■ INSTRUCTIONS TO FOLLOW ■
Would you repeat every line below exactly, please?

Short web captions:
================================

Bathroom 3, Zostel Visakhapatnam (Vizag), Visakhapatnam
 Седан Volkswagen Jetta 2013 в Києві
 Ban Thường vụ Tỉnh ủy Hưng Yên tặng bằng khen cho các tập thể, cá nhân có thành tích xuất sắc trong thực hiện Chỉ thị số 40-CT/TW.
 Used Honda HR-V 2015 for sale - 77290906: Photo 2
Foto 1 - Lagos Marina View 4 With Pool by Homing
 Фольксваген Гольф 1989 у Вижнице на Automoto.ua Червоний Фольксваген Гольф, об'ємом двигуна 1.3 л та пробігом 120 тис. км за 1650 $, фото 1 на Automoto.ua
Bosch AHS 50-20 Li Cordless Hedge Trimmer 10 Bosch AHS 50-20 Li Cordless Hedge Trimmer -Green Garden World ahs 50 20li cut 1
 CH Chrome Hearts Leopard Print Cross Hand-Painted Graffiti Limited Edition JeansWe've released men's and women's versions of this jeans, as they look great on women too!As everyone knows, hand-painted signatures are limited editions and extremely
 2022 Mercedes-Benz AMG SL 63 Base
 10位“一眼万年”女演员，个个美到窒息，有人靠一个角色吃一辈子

================================

■ EXPECTED ANSWER ■
Bathroom 3, Zostel Visakhapatnam (Vizag), Visakhapatnam
 Седан Volkswagen Jetta 2013 в Києві
 Ban Thường vụ Tỉnh ủy Hưng Yên tặng bằng khen cho các tập thể, cá nhân có thành tích xuất sắc trong thực hiện Chỉ thị số 40-CT/TW.
 Used Honda HR-V 2015 for sale - 77290906: Photo 2
Foto 1 - Lagos Marina View 4 With Pool by Homing
 Фольксваген Гольф 1989 у Вижнице на Automoto.ua Червоний Фольксваген Гольф, об'ємом двигуна 1.3 л та пробігом 120 тис. км за 1650 $, фото 1 на Automoto.ua
Bosch AHS 50-20 Li Cordless Hedge Trimmer 10 Bosch AHS 50-20 Li Cordless Hedge Trimmer -Green Garden World ahs 50 20li cut 1
 CH Chrome Hearts Leopard Print Cross Hand-Painted Graffiti Limited Edition JeansWe've released men's and women's versions of this jeans, as they look great on women too!As everyone knows, hand-painted signatures are limited editions and extremely
 2022 Mercedes-Benz AMG SL 63 Base
 10位“一眼万年”女演员，个个美到窒息，有人靠一个角色吃一辈子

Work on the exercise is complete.